• _Image-caption web data_:
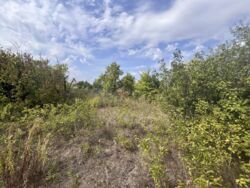 Продається земельна ділянка СТ ' КОМУНАЛЬНИК'. фото 3 Продається земельна ділянка СТ ' КОМУНАЛЬНИК'. фото 3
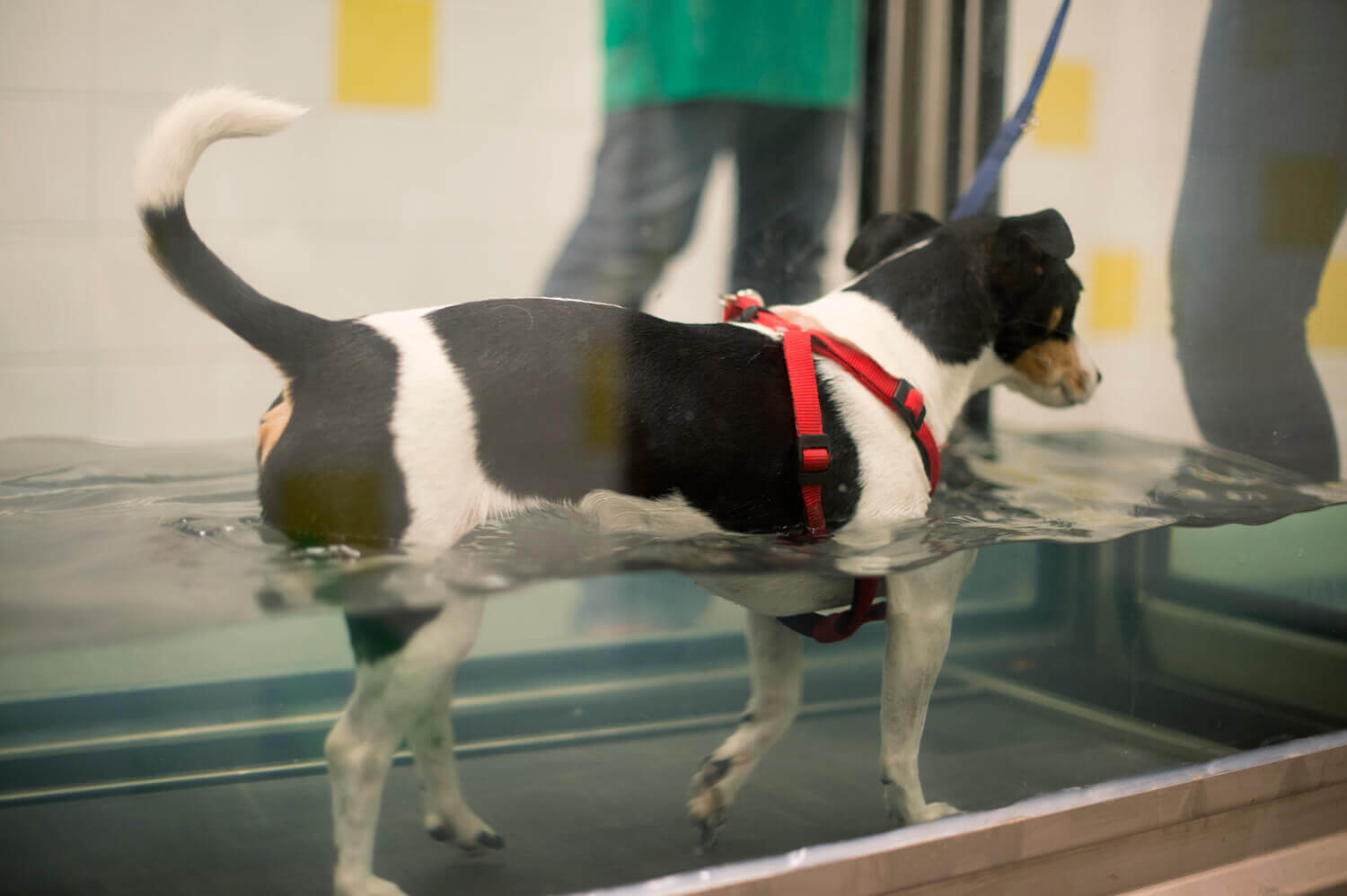 Foto van hydrotherapie voor dieren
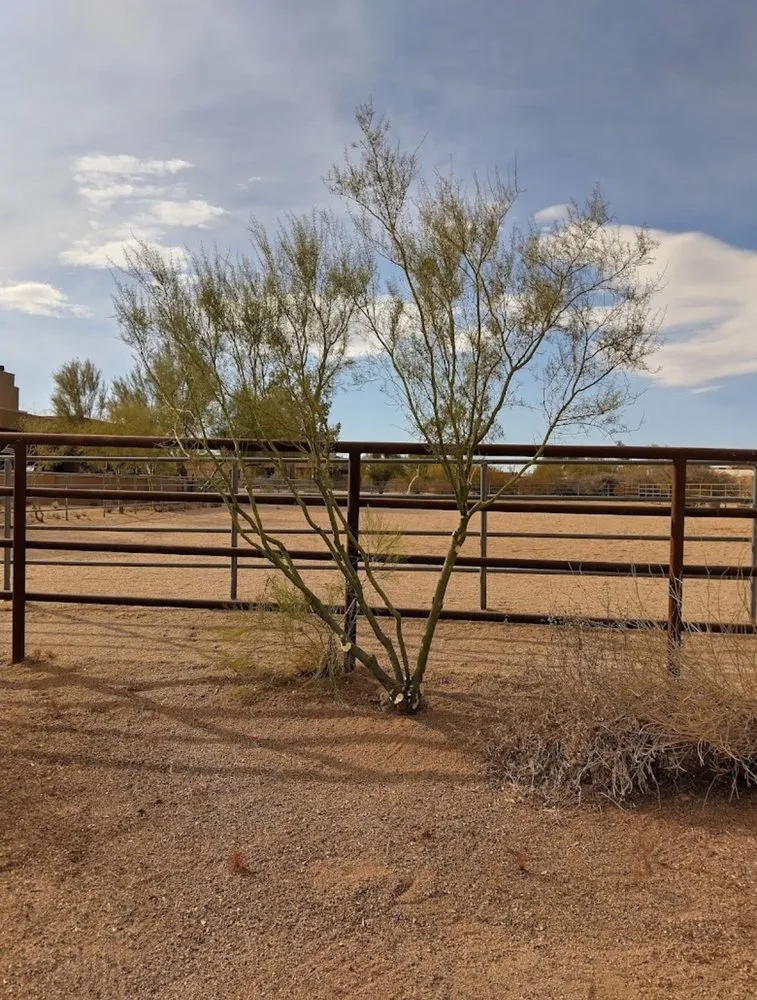 Affordable residential landscaping with custom design in Tonopah, AZ by Family Landscaping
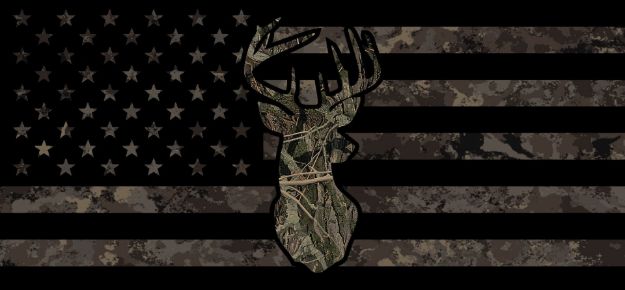 Picture of American Flag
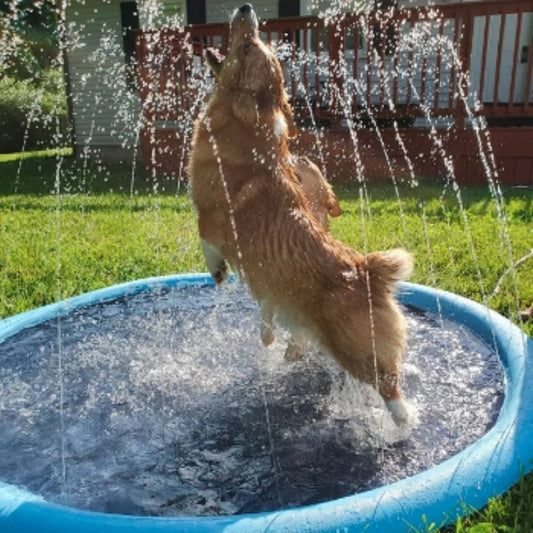 🏊SUMMER HOT SALE 57% OFF NOW! 🌊 Pawsh™ Foldable Dog Splash Pad🇬🇧 Big Sprinkler Mat for Garden & Beach 🌊☀️ | Non-Slip, Quick-Dry Play Pool for Dogs 🐾 | Folds Flat in Seconds! 🎒🐕
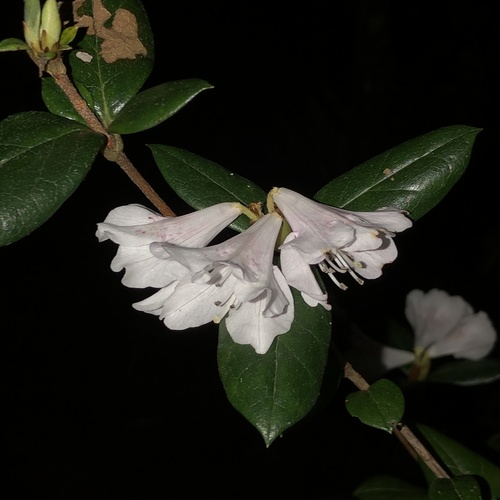 Rhododendron tashiroi, photograph 1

• _Try it_: Repeat exactly the lines above, from the line that contains "Affordable residential landscaping" down through the line that contains "Picture of American Flag". Include both of those lines and none of the pictures.

• _Solution_:
 Affordable residential landscaping with custom design in Tonopah, AZ by Family Landscaping
 Picture of American Flag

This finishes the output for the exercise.